■ TASK BRIEF ■
Begin the copy at the line containing "2013款 2.0T 自动 智雅版 5座" and end it at the final line of the material below, reproducing each line exactly, without images.

■ RAW DATA ■
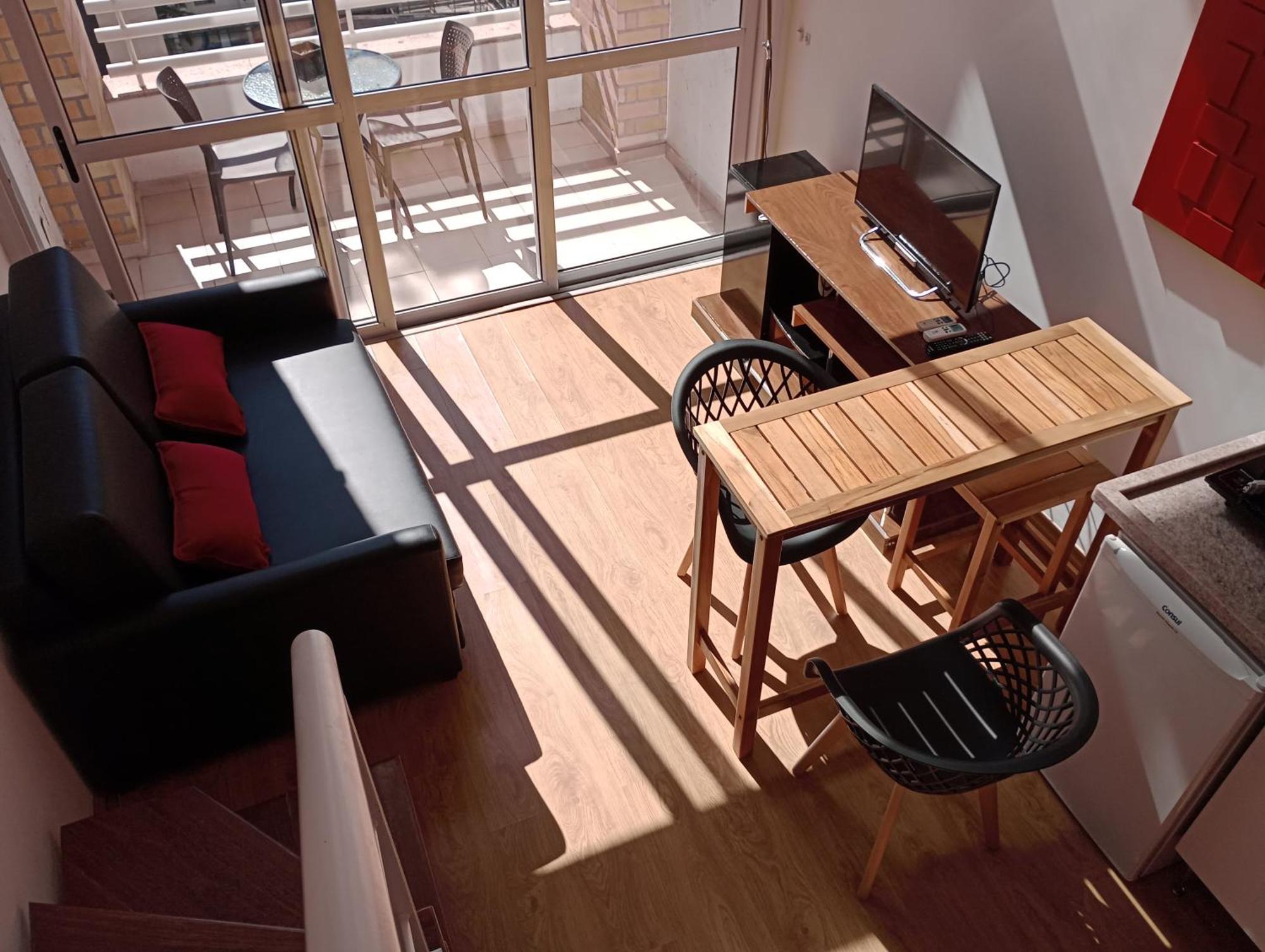 Apartment Grand Berrini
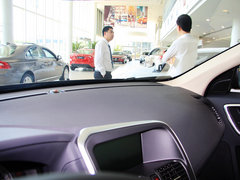 2013款 2.0T 自动 智雅版 5座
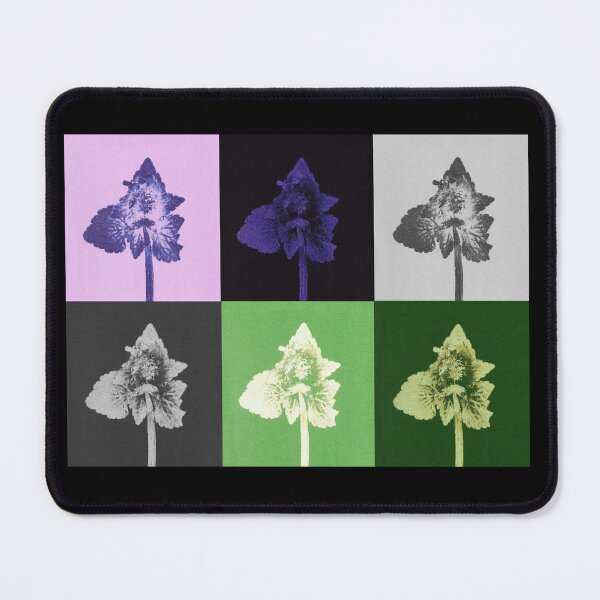 Item preview, Botanical Impressions | Lamium purpureum puzzle designed and sold by Ivona Maris.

■ RESULT ■
 2013款 2.0T 自动 智雅版 5座
 Item preview, Botanical Impressions | Lamium purpureum puzzle designed and sold by Ivona Maris.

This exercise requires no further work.